With Qaim under control, the Iraqi plan is to move back east along the Euphrates and take the town of Rawa while simultaneously clearing out the rest of the Syrian border area. The focus for now seems to be back on ISIS, though conflict with the Kurds could flare up again at any time. Somebody bombed a Popular Mobilization Unit office in Kirkuk on Sunday, killing at least five people in what is exactly the kind of thing that could cause a resumption of armed conflict with the Kurds. It’s not clear who carried out the bombing, a Kurdish group or ISIS. It would certainly be in ISIS’s interest to try to stoke tensions in Kirkuk.

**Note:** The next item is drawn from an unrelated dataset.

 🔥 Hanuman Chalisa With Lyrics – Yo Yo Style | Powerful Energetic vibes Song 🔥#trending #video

I don’t have time or space to talk about this in detail (trust me), but this piece on Iraqi Kurdistan from analyst Denise Natali strikes me as worth a read. Natali basically sums up all the reasons why the Kurdistan independence referendum was such a bad idea, ranging from a complete lack of international support to the precarious nature of Kurdistan’s politics and its economy (which was far too heavily dependent on maintaining control of Kirkuk).

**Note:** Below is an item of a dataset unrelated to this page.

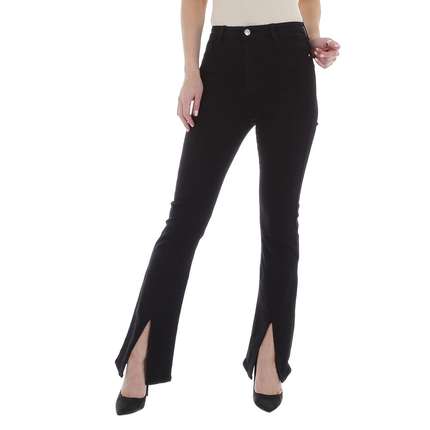 Damen Bootcut Jeans von Laulia - black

More than 100 people were killed on Sunday when a truck bomb hit a checkpoint outside of Deir Ezzor city where civilians fleeing the fighting in Deir Ezzor province had gathered. That fighting involves the Syrian army advancing on the town of al-Bukamal, ISIS’s main remaining position on the Syrian-Iraq border. With the Iraqis having closed off their side of the border at Qaim, these ISIS fighters have nowhere to go unless they’re able to slip away and into the southeastern Syrian desert. A spokesman for Kataib Hezbollah, one of the largest of Iraq’s Popular Mobilization militias, said on Friday that the group will cross the border into Syria to participate in the al-Bukamal fight.

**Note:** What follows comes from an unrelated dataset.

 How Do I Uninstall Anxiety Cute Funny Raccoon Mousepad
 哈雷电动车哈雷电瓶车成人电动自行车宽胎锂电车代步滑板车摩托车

The Turkish government, at least, says that Russia’s planned November 18 Syrian “people’s congress” in Sochi has been postponed–it’s not clear why, but perhaps due to tepid interest from the main rebel negotiating body. What is clear is that the Russians’ invitation to the Kurds has been rescinded, presumably at Turkey’s insistence. Instead, I guess (?), Russian President Vladimir Putin may discuss a “deal” on Syria with US President Donald Trump when the two of them meet next week at the APEC conference.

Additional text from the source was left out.